▸ **Exercise goal**
What's needed is the listing below, repeated word for word with no pictures.

▸ **Provided data**
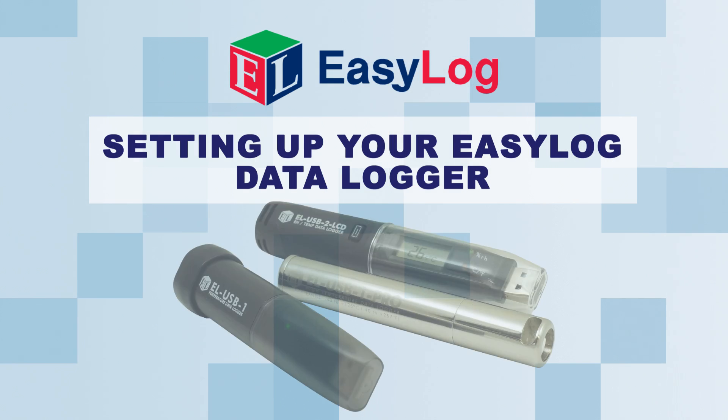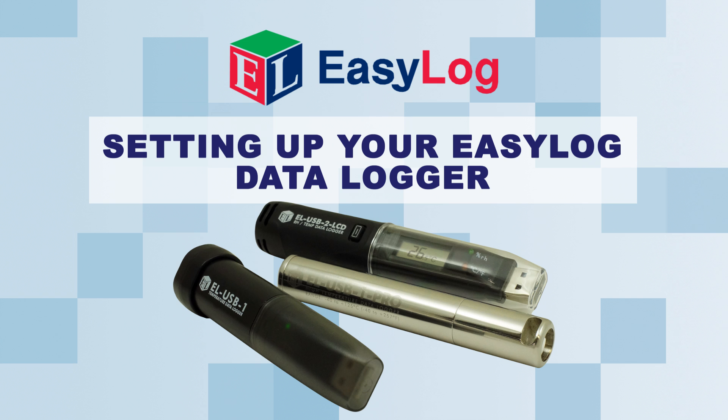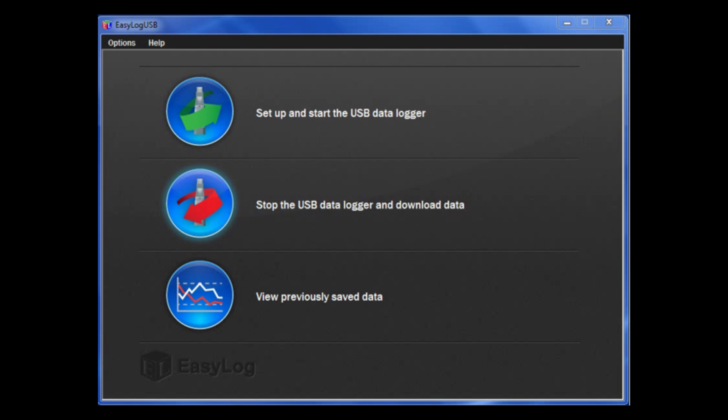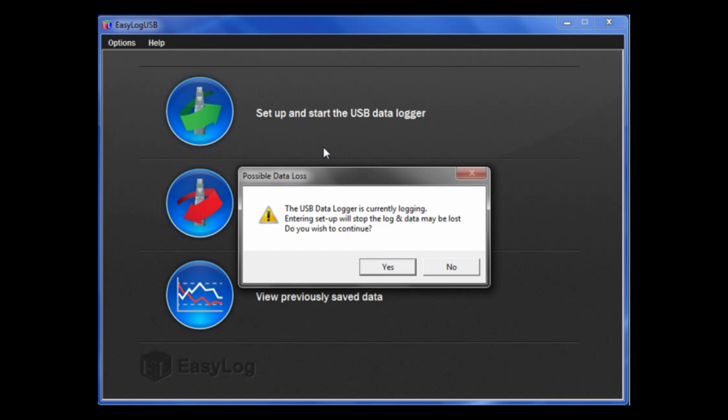In this video, I will show you how to set up your USB data logger. To begin, click Set up and start the USB data logger.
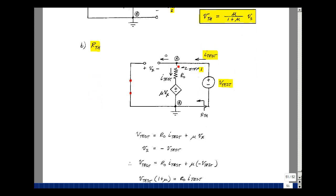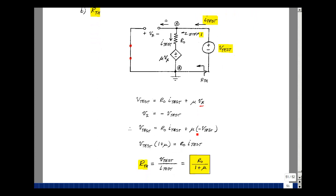The rise in voltage is V_test, and the drop is I_test times R_0 plus mu times V_x. With the short circuit in place, the plus terminal of V_x aligns with the minus of V_test and vice versa, so V_x equals minus V_test. Substituting: V_test equals R_0 times I_test plus mu times (minus V_test). Rearranging: V_test times (1 + mu) equals R_0 times I_test. Dividing, R_Thevenin equals R_0 divided by (1 + mu).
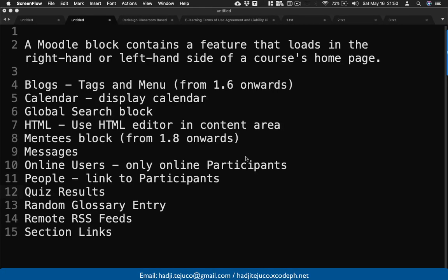In this video, I'm going to share Moodle blocks. A Moodle block contains a feature that loads on the right or left side of the course home page. Blocks in Moodle are special widgets that you can incorporate into your class — for example, to see the current calendar, who is currently logged in, quiz results, or section links. These are very essential in your course.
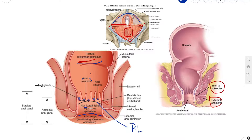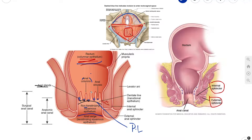Now we'll talk about the venous drainage. Similarly, above the pectinate line we have the superior rectal vein, which empties into the inferior mesenteric vein and finally into the portal venous system. Below the pectinate line we have the inferior rectal vein, which empties into the internal pudendal vein and drains into the systemic venous system.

▸ **Result of the task**
In this video, I will show you how to set up your USB data logger. To begin, click Set up and start the USB data logger.
The rise in voltage is V_test, and the drop is I_test times R_0 plus mu times V_x. With the short circuit in place, the plus terminal of V_x aligns with the minus of V_test and vice versa, so V_x equals minus V_test. Substituting: V_test equals R_0 times I_test plus mu times (minus V_test). Rearranging: V_test times (1 + mu) equals R_0 times I_test. Dividing, R_Thevenin equals R_0 divided by (1 + mu).
In this video, I'm going to share Moodle blocks. A Moodle block contains a feature that loads on the right or left side of the course home page. Blocks in Moodle are special widgets that you can incorporate into your class — for example, to see the current calendar, who is currently logged in, quiz results, or section links. These are very essential in your course.
Now we'll talk about the venous drainage. Similarly, above the pectinate line we have the superior rectal vein, which empties into the inferior mesenteric vein and finally into the portal venous system. Below the pectinate line we have the inferior rectal vein, which empties into the internal pudendal vein and drains into the systemic venous system.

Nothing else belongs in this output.